As a development agency, the World Bank has the ability to influence global norms: environmental policy reforms are often diffused from global institutions who exert top-down pressure on nations to adopt legislation (Longhofer et al., 2016). Traditionally, the World Bank has used its ability to limit access to promised resources, in the form of loans, to force countries to adopt specified policies (Babb & Chorev, 2016). However, the use of conditionalities has been critiqued, causing international financial institutions to find new methods of encouraging the adoption of such policies (Kentikelenis et al., 2016).

The creation of the Doing Business data set is one such way to create knowledge that is viewed as credible by policy-makers, and then used to inform policy decisions (Broome et al., 2017). Through the Doing Business data set, the World Bank is attempting to measure a part of the policy climate that is theorized to be essential for economic progress: business regulation (Besley, 2015). This provides incentives for countries to establish policies that align with the specified practices and accept the resulting data sets, such as Doing Business, as measures of their success. Furthermore, the World Bank has published studies which boast that the economies of those countries with “better” business regulations (as defined in the Doing Business data set) have faster economic growth (Djankov et al., 2006). The connections made between business climate and economic growth suggest possible mechanisms by which business climate could impact the environment.

Environmental load displacement

The ecological unequal exchange perspective emphasizes that inequality among nations engaging in the global economy results in the offshoring of environmental damages from wealthier to poorer countries (Bunker, 1984; Hornborg, 2009). The impacts of industrialization are not spread evenly across developed and developing nations relative to their use of resources (Jorgenson, 2004). Wealthier nations are able to outsource the environmental impacts of their consumption levels to poorer nations, where the extraction of resources for and minor production of consumer goods takes place (Jorgenson, 2006). Wealthier nations are also offshoring hazardous waste from domestic industries, as well as the hazardous industries themselves (Frey, 1994). Environmental load displacement is a core concept within ecologically unequal exchange theory. It describes a process by which pollution and other human-driven forms of environmental degradation are outsourced from developed nations to less developed nations (Jorgenson, 2016). There are multiple pathways through which environmental load displacement can occur: the literature addressing ecological unequal exchange has primarily focused on foreign direct investment and trade networks as facilitators of this sort of outsourcing of environmental harms (e.g., Grimes & Kentor, 2003; Muradian et al., 2002; Jorgenson, 2006; Rice, 2007; Hornborg, 2009; Bonds & Downey, 2012; Huang, 2018).

Even green initiatives, such as environmentally beneficial technologies, can act as a pathway through which environmental load displacement occurs: the resources needed to produce these technologies involve destructive extraction practices, subsidizing the lifestyles of the developed world with environmental degradation in the developing world (Bonds & Downey, 2012).
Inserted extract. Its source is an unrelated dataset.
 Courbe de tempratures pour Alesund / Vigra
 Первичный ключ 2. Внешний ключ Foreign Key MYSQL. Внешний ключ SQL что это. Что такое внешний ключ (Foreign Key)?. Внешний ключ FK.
However, nations pursuing the improvement of their business climate often end up experiencing environmental degradation with limited evidence to show that any economic development has occurred as a result of improved business climate. The studies that show that there is a positive relationship between business climate and economic growth often come from the creators of the Doing Business data set themselves (e.g., Djankov et al., 2006).
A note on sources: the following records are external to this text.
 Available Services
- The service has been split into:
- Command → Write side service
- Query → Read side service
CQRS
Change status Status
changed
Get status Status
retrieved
However, given that environmental load displacement not only paints a false picture of “sustainability” in developed nations but also adds to the many issues facing developing nations as they try to improve quality of life (Muradian et al., 2002; Muradian & Martinez-Alier, 2001), it is important to consider additional ways in which the displacement of carbon emissions and other forms of pollution and degradation are occurring. Business climate has been discussed within the literature on ecological unequal exchange as a facilitator of foreign direct investment, which has a positive association with carbon emissions and deforestation (Shandra, 2007; Jorgenson, 2007, 2009). Foreign direct investment channeled into manufacturing sectors in developing nations has resulted in inefficient production due to older machinery and lack of protective regulations, leading to higher levels of pollution, and contributes to the outsourcing of emissions from production (Jorgenson, 2009). Deforestation rates often increase in repressive nations, for whom it is relatively easy to enact the kinds of sweeping regulatory reforms—such as deregulation (or non-regulation) of land use—necessary to create a “good” business climate and attract foreign investment (Shandra, 2007).

Environmental load displacement allows developed nations to artificially reduce the full impact of their consumption levels by outsourcing production to developing nations. As a signifier that a nation is “open for business,” I propose that business climate is acting as a pathway encouraging environmental load displacement, leading to increased emissions in developing nations. To explore this, in the analysis below I test the hypothesis that production-based anthropogenic CO2 emissions and business climate are positively associated in developing nations.


I estimate a time-series cross-sectional Prais-Winsten regression model with panel-corrected standard errors (PCSE), a correction for AR(1) disturbances, and two-way fixed effects to test my hypotheses. PCSE allow for disturbances that are heteroskedastic and contemporaneously correlated across panels, which corrects for understating the actual variability of coefficients. I have included country- and year-specific intercepts to control for country- and year-specific effects, which corresponds to a two-way fixed-effects model. All of the variables are logged using log base 10 in order to correct for skewness and to allow the results to be interpreted as elasticity coefficients, where the coefficient for the independent variable is interpreted as the percentage change in the dependent variable associated with a 1% increase in the independent variable.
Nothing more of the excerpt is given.